Contexto adicional: acessibilidade e acompanhamento ao longo do tempo
Um aspeto relevante é que um biomarcador sanguíneo como o sNfL, quando interpretado em conjunto com a RM, pode favorecer estratégias de monitorização longitudinal - isto é, observar como a doença se comporta ao longo do tempo, e não apenas num “retrato” isolado. Em cenários onde o acesso à RM é mais limitado ou onde a frequência de exames é menor, um marcador no sangue pode funcionar como peça adicional para orientar a prioridade e o momento da avaliação por imagem, desde que existam protocolos clínicos bem definidos.
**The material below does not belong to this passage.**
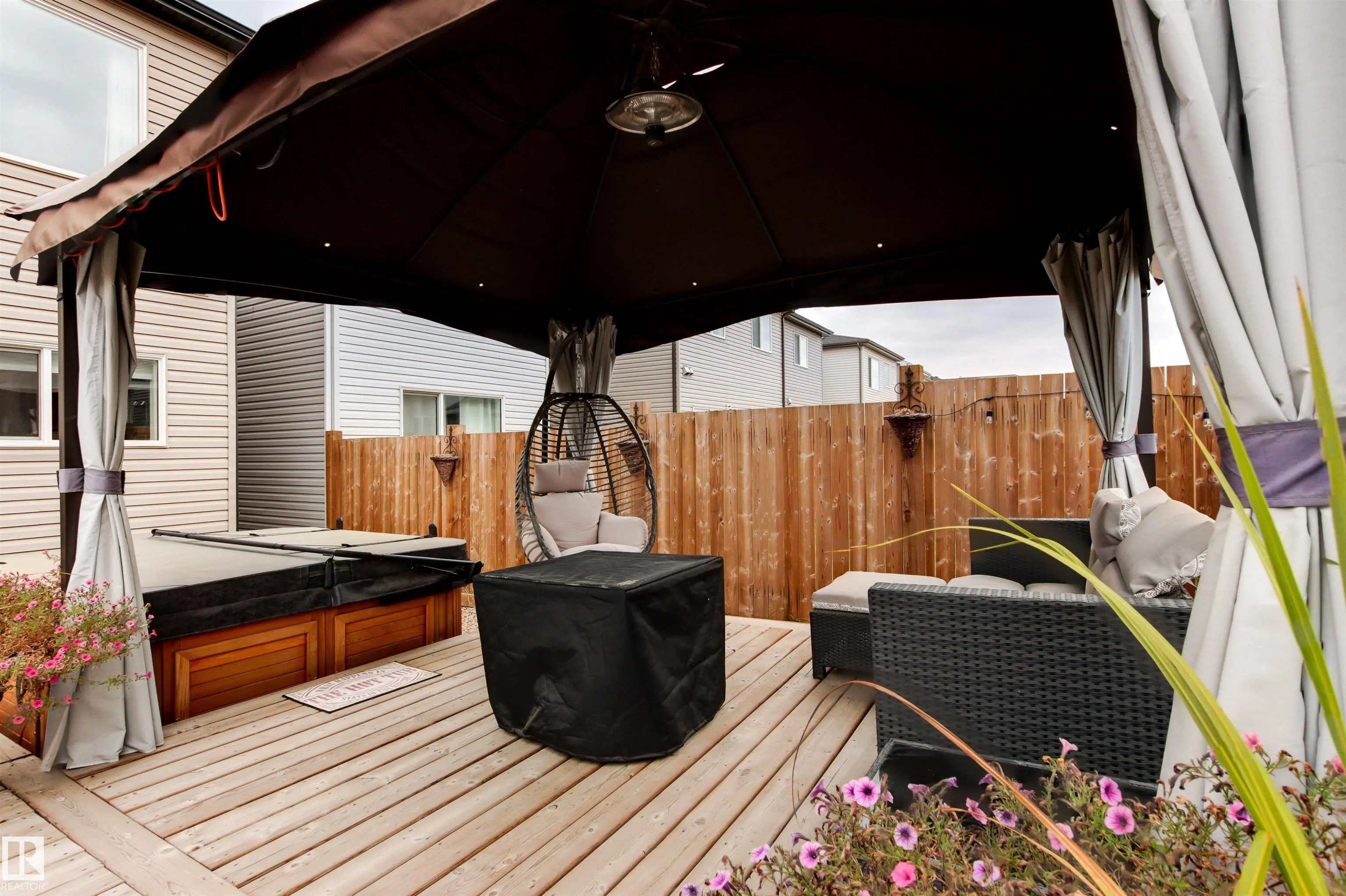 446 ROBERTS Crescent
Também é importante considerar que subtipos biológicos, mesmo quando robustos, não substituem a avaliação clínica completa. Fatores como histórico de surtos, exame neurológico, outras análises laboratoriais e características individuais continuam essenciais para interpretar risco, resposta ao tratamento e impacto funcional.
Conclusão dos autores e publicação
Os autores concluem que, ao acrescentar o sNfL - um indicador já estabelecido de lesão neuroaxonal -, é possível ir além da informação estrutural obtida pela RM isoladamente.
A pesquisa foi publicada na revista científica Cérebro.